I remember that I once read John Steinbeck’s “Of Mice and Men” on New Year’s Day. Now, anyone who has read this book would think, “Why would you want to start your year off in such a depressing way?” And yet something about this author has always inspired me in the way some opera buffs are moved to tears by a beautiful aria.
I offer up two excerpts of Steinbeck’s writing as examples of his gifts as a writer. This first is the dedication to “East of Eden”, and I’ve thought of it often, anytime I find myself looking for a vehicle to carry the thoughts I’ve collected in this lifetime:
Dear Pat,
You came upon me carving some kind of little figure out of wood and you said, “Why don’t you make something for me?”

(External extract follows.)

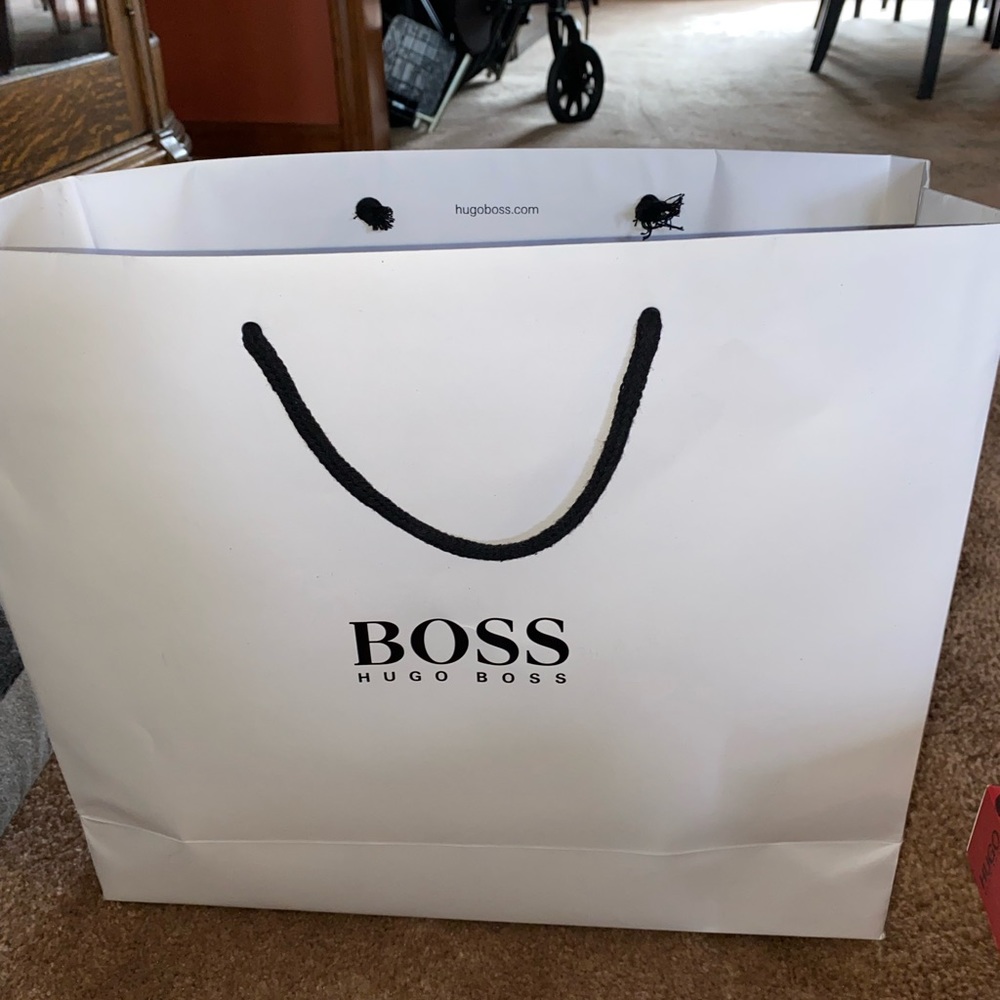 Hugo boss bag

I asked you what you wanted, and you said, “A box.”
“What for?”
“To put things in.”
“What kind of things?”
“Whatever you have,” you said.
Well, here’s your box. Nearly everything I have is in it, and it is not full. Pain and excitement are in it, and feeling good or bad and evil thoughts and good thoughts- the pleasure of design and some despair and the indescribable joy of creation.
And on top of these are all the gratitude and love I have for you.

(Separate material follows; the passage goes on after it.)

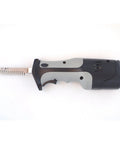Speedee Trim Handheld Cordless Trimmer w/ Wet Trim Sabertooth Blade Speedee Trim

And still the box is not full.JOHN
Second, one of the most beautiful passages from another favorite, “The Winter of Our Discontent”, which is among the best books I’ve read:
My wife, my Mary, goes to her sleep the way you would close the door of a closet. So many times I have watched her with envy. Her lovely body squirms a moment as though she fitted herself into a cocoon. She sighs once and at the end of it her eyes close and her lips, untroubled, fall into that wise and remote smile of the ancient Greek gods. She smiles all night in her sleep, her breath purrs in her throat, not a snore, a kitten’s purr. For a moment her temperature leaps up so that I can feel the glow of it beside me in the bed, then drops and she has gone away. I don’t know where. She says she does not dream. She must, of course. That simply means her dreams do not trouble her, or trouble her so much that she forgets them before awakening. She loves to sleep and sleep welcomes her. I wish it were so with me. I fight off sleep, at the same time craving it.
I have thought the difference might be that my Mary knows she will live forever, that she will step from the living into another life as easily as she slips from sleep to wakefulness. She knows this with her whole body, so completely that she does not think of it any more than she thinks to breathe. Thus she has time to sleep, time to rest, time to cease to exist for a little.
Whenever I feel a little closed in, when I need to see my experience reflected in the experiences of my fellow humans, I know I can reach for another book by John Steinbeck.